Panel One of a Hearing of the House Education and the Workforce Committee

By: Tom Cole
By: Tom Cole
Date: March 11, 2004
Location: Washington, DC
Issues: Education


HEADLINE: PANEL ONE OF A HEARING OF THE HOUSE EDUCATION AND THE WORKFORCE COMMITTEE

SUBJECT: THE ROLE OF EDUCATION IN CREATING JOBS

CHAIRED BY: REPRESENTATIVE JOHN BOEHNER (R-OH)

LOCATION: 2175 RAYBURN HOUSE OFFICE BUILDING, WASHINGTON, D.C.

WITNESSES: ALAN GREENSPAN, CHAIRMAN, FEDERAL RESERVE BOARD

BREAK IN TRANSCRIPT

REP. BOEHNER: The chair recognizes the gentleman from Oklahoma, Mr. Cole.

REP. TOM COLE (R-OK): Thank you very much, Mr. Chairman.

And Mr. Chairman, it's an enormous pleasure to have you here to, frankly, educate us a little bit and then, hopefully, through us the American public.

Let me ask you, if I may: In the short time I've been here, I've seen very few public purposes for which we spend money that are not good public purposes. We may not spend the money as efficiently as we should, we may have some certainly some waste, fraud and abuse, but the reality is it's a good thing to defend the country, it's a good thing to educate your people, it's a good thing to fund some sort of social safety net so people have a decent living standard.

We get very few bad public purposes. Most of our choices are difficult choices because the purposes are good.

Is there some sort of standard that you would have as to the proportion of national income that should go for public purposes as opposed to private investment and private consumption that's commensurate with good economic growth, sound policy?

MR. GREENSPAN: Congressman, this is an issue which economists have been debating for a very long period of time, and the reason that debate has become so vigorous is it's very difficult to prove any particular level of income going to public purposes is optimum. And the reason is that, while-one can make the theoretical case, and I would, that the more that you get to public purposes, the lower the standard of living because at the end of the day central planning is the ultimate public purpose allocation. Central planning has been an utter disaster as an economic policy, as the Soviet Union demonstrated. And indeed, when the Berlin Wall came down the massive changes around the world away from that were dramatic. So at the extreme we know that there is an upper limit.
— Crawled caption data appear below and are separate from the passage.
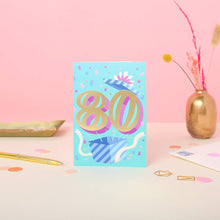 Load image into Gallery viewer, Greetings Card - 80th Birthday Card – Age 80 / Eighty - Ricicle
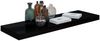 vidaXL Schweberegal Hochglanz-Schwarz 80x23,5x3,8 cm MDF 323772 Bild 3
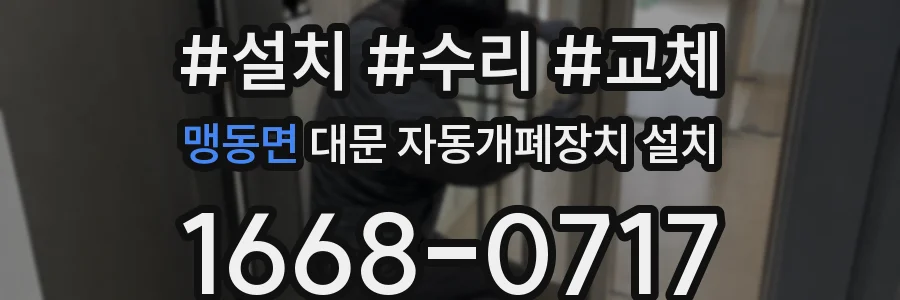 맹동면 대문 자동개폐장치 설치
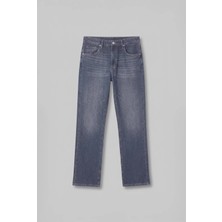 Abluka Online Erkek Regular Fit Yıkamalı Jean Pantolon Mavi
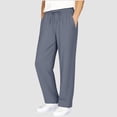 thumbnail image 5 of Scyoekwg Sweatpants Boys Casual Baggy Pants Spring Fashion Solid Color Drawstring Elastic Waist Sweatpants with Pocket Comfy Navy 4-5 Years, 5 of 8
We also observe that there are certain countries, relatively smaller countries, which have managed to have very high proportions of their national income going to public purposes and still maintain fairly high standards of living. Others have not been able to do that. My own impression is that it's always best to try to get that number as low as you possibly can because I do think history does, in large measure, support that maximum economic growth will come from maximum private participation-private competition-which is the real issue. But there are always exceptions to this, and as a consequence saying that a specific number is correct is very difficult to support.

REP. COLE: And I appreciate the broad perspective.
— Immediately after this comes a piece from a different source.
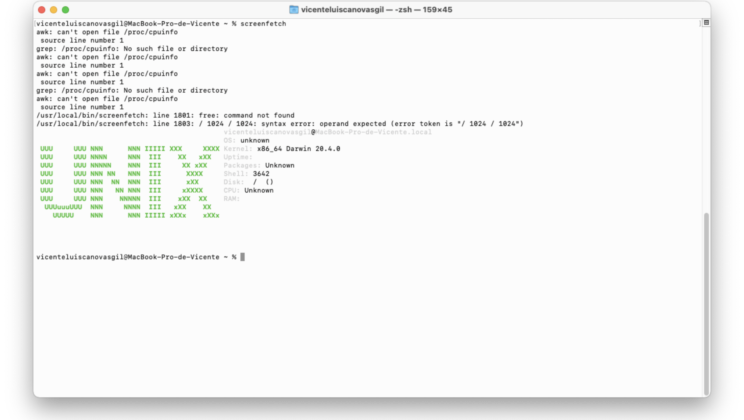 Instalar Screenfetch en Mac OSX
Let me ask you this just as a follow-up. I agree very much with the point that you've made that we have overpromised, overcommitted in a variety of ways. We'll have the debate in Congress over which ways and how much. But looking forward to where we're at now, if we have to, as we do, come to grips with this, would you come down in favor of adjusting the obligations, the commitments, as difficult as that is, downward in some cases or at least in some sort of different fashion, or changing the tax rates and taking a larger proportion of the total income of the country and directing them toward sustaining the public purposes, as we've defined them so far?

MR. GREENSPAN: Well, Congressman, as I've testified elsewhere, the evidence, even though we can't get an optimum rate of where we put taxation, is that if you continuously rate the tax rate, at some point you run into very significant diminishing returns. And you will find that solving a problem of shortage of resources by increasing taxes, at the end of day, has high risks associated with it.
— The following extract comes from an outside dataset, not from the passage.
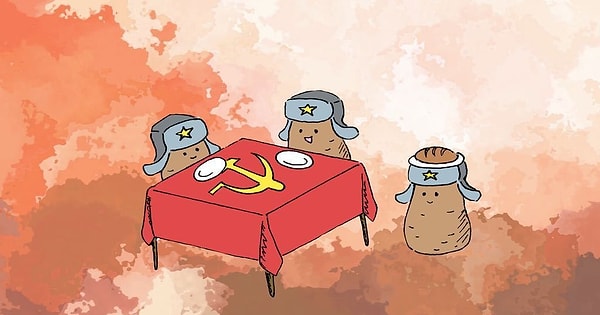 1. Вспомните, как выглядел флаг СССР:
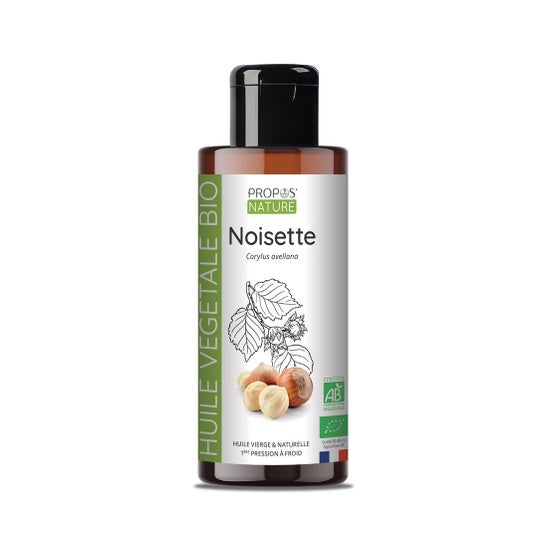 Proposta de Óleo Vegetal Orgânico de Avelã da Natureza 100ml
So I've argued that we ought to first focus on the excess of commitment over available long-term resources by seeing what we can do on the expenditure side first, before we advert to looking at using resources through increased taxation.

I don't deny that the size of the gap on what we have committed largely to retirees and the baby boom generation is quite significant, and that it is unlikely to be fully closed from the spending side, because the commitments are so large. But I do think that if we start by first raising taxes and then starting to look to what we have to do on the expenditure side, I think it's going at it in the wrong direction.